Date: 2024-12-17 14:11:25
Message-ID: d8994ef4-894c-4002-a862-0101e71f5b44@vondra.me
Views: Raw Message | Whole Thread | Download mbox | Resend email
Thread:
Lists: pgsql-hackers

On 12/16/24 19:49, Melanie Plageman wrote:
> On Mon, Dec 16, 2024 at 12:32 PM Peter Geoghegan <pg(at)bowt(dot)ie> wrote:
>>
>> On Mon, Dec 16, 2024 at 10:37 AM Melanie Plageman
>> <melanieplageman(at)gmail(dot)com> wrote:
>>> On a related note, the other day I noticed another negative effect
>>> caused in part by SKIP_PAGES_THRESHOLD. SKIP_PAGES_THRESHOLD interacts
>>> with the opportunistic freeze heuristic [1] causing lots of all-frozen
>>> pages to be scanned when checksums are enabled. You can easily end up
>>> with a table that has very fragmented ranges of frozen, all-visible,
>>> and modified pages.
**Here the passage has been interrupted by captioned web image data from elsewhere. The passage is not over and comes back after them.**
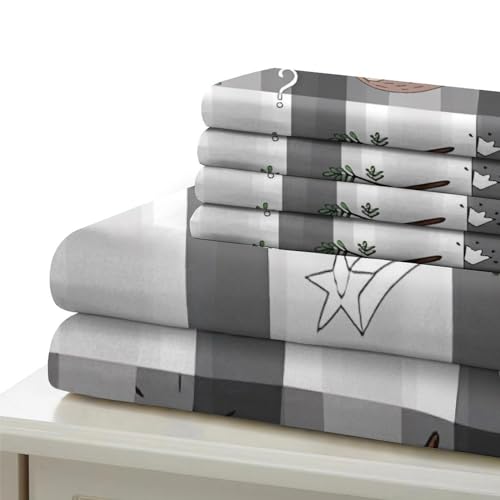 Parure de lit animaux de dessin animé en microfibre premium 3D - 7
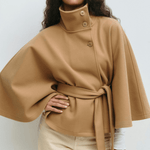 Lusana - Casaco elegante com cinto - Ines Braga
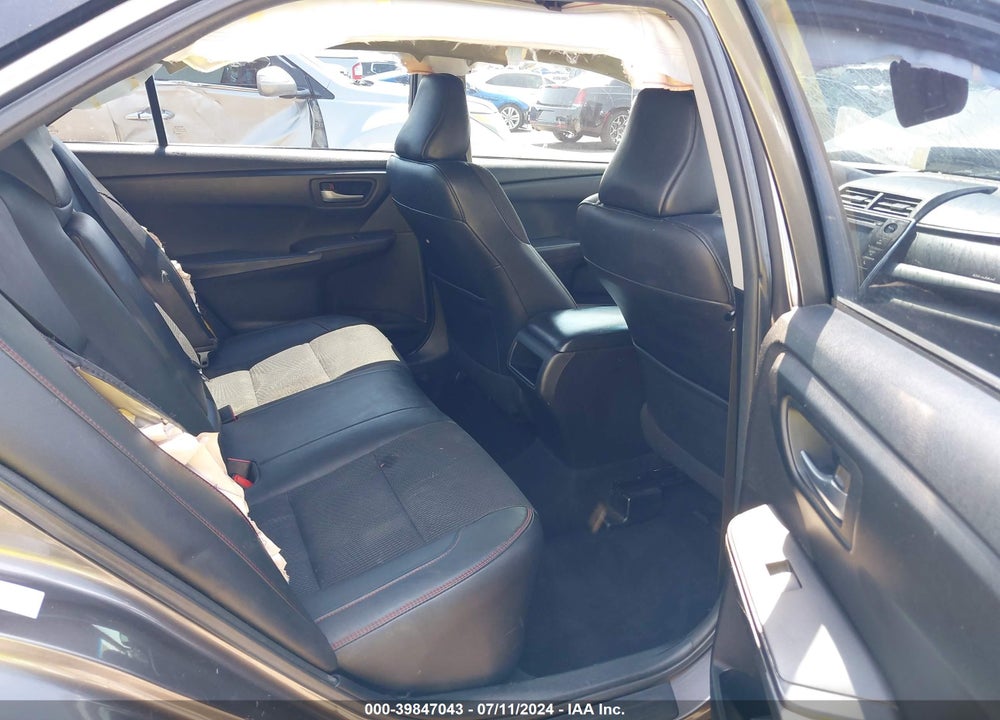 2016 TOYOTA CAMRY SE VIN: 4T1BF1FK9GU172855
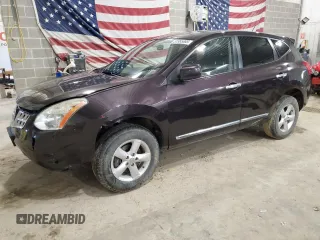 2013 Nissan Rogue S with VIN JN8AS5MV7DW149725, listed as a Copart auction lot 51955665 with 126,479 mi miles and Salvage Title. Bid and sale history available at DreamBid. Image 1.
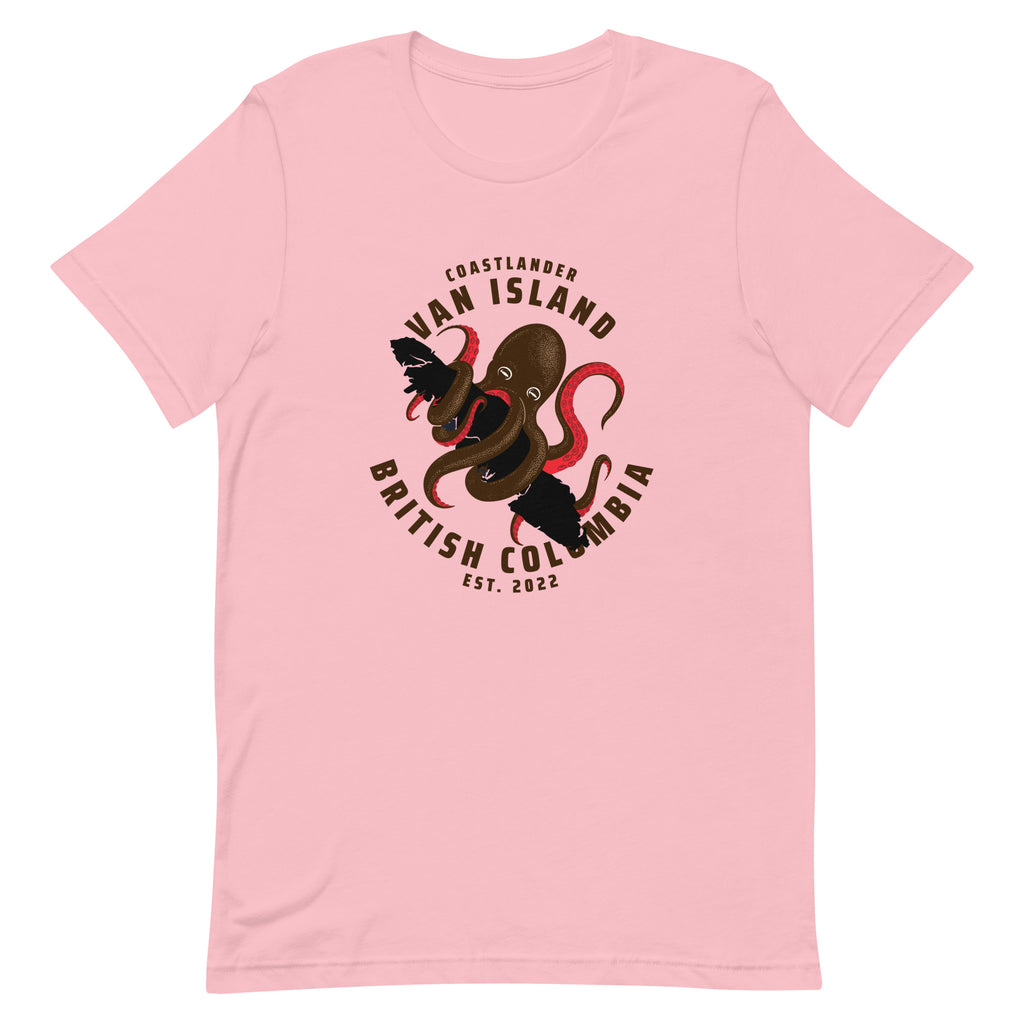 Vancouver Island Octopus - Unisex t-shirt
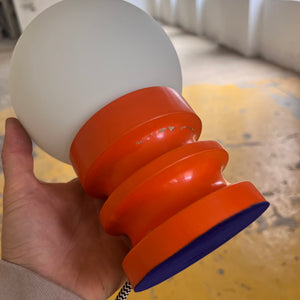 Tischlampe Opalkugel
In this case, the opportunistic freeze heuristic
>>> bears most of the blame.
>>
>> Bears most of the blame for what? Significantly reducing the total
>> amount of WAL written?
>
> No, I'm talking about the behavior of causing small pockets of
> all-frozen pages which end up being smaller than SKIP_PAGES_THRESHOLD
> and are then scanned (even though they are already frozen). What I
> describe in that email I cited is that because we freeze
> opportunistically when we have or will emit an FPI, and bgwriter will
> write out blocks in clocksweep order, we end up with random pockets of
> pages getting frozen during/after a checkpoint. Then in the next
> vacuum, we end up scanning those all-frozen pages again because the
> ranges of frozen pages are smaller than SKIP_PAGES_THRESHOLD. This is
> mostly going to happen for an insert-only workload. I'm not saying
> freezing the pages is bad, I'm saying that causing these pockets of
> frozen pages leads to scanning all-frozen pages on future vacuums.
>

Yeah, this interaction between the components is not great :-( But can
we think of a way to reduce the fragmentation? What would need to change?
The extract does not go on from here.